Butler County’s increase in drug overdose deaths strains coroner’s office

Butler County Coroner Dr. Lisa Mannix said toxicology bills and other expenses tied to handling more drug overdose deaths from the opioid epidemic are taking a toll on the coroner’s office. NICK GRAHAM/STAFF

Butler County Coroner Dr. Lisa Mannix said toxicology bills and other expenses tied to handling more drug overdose deaths from the opioid epidemic are taking a toll on the coroner’s office. NICK GRAHAM/STAFF

Butler County Coroner Dr. Lisa Mannix has dubbed the opioid epidemic a “big beast,” but there are nuances to the problem that are taxing both budgets and techniques for grappling with it.

Mannix’s $1.1 million budget for this year represented a mere 0.26 percent of the entire $432 million Butler County budget for this year, but as the county tries to keep spending in check, the coroner’s is one office that has little or no control over some of her expenses.

Take toxicology testing, which every overdose death requires to determine the exact cause of death. The office spent just shy of $30,000 on those tests through June, compared to $37,723 for all of 2014. Nearly daily a new strain of the drugs are infiltrating the county and that requires more testing, according to coroner’s office administrator Martin Schneider.

“While the cost of the individual tests with our lab has remained consistent, the drugs coming into Butler County are certainly not,” Schneider said. “Newer and never before seen fentanyl analogs create the need for additional tests and as our number of overdose deaths increase, so too do our toxicology costs.”
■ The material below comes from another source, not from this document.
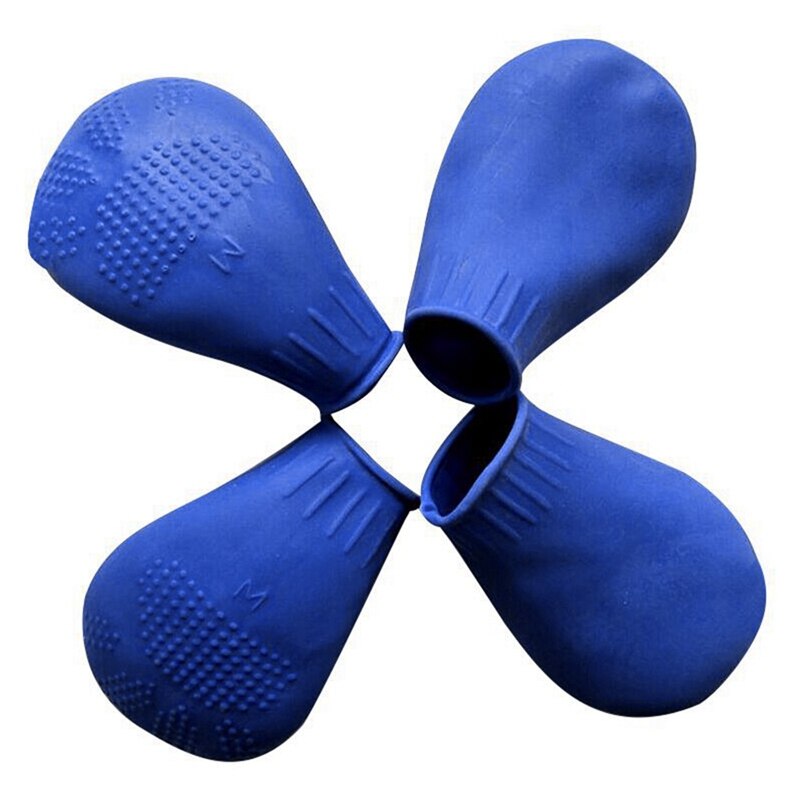 Huisdier Rubber Laarzen Sokken Voet Cover Waterdichte Regen Schoenen Antislip Outdoor Puppies Multcolor Schoenen Pet Poot Protectors Pak van 4pcs: Blauw / L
Mannix said there are basic tests for typical overdose drugs — that can cost in the range of $100-$200 — but the new drugs coming in don’t register on the regular screening panel so they need to go to the next level — double the original price.
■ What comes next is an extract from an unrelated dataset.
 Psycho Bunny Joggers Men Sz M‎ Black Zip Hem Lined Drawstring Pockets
But it’s not just testing that is taxing the coroner’s office budget. Overtime costs for investigators have risen in the past couple years. Schneider said overtime for the investigators — one must be on-call 24/7 — warranted adding a fourth person.

“In 2008 we had 300, roughly, cases and last year we had 485 cases,” Schneider said. “When you count in the number of hours to work that case, when we were at only three investigators and wanted to add a fourth, I calculated how much overtime the three collectively were earning and in a pay period they were earning better than 30 hours and that’s a full-time position right there.”

The coroner’s office handled 72 overdose deaths in 2008; 118 in 2013; and 232 last year. The office had 485 total cases last year.

The coroner’s total budget has increased 34 percent between 2012 and last year. The actual budget in 2012 was $875,470, according to the auditor’s comprehensive annual report and $1.2 million last year.

“I always feel our statistics are very objective, in terms of I can tell you the number of people that die,” Mannix said. “When you push that back out we’re kind of the inverted pyramid. We get the deaths, but for every death how many police, EMS, all these other services that may or may not be directly related, the theft, they are stealing to buy drugs, so it all funnels down into it.”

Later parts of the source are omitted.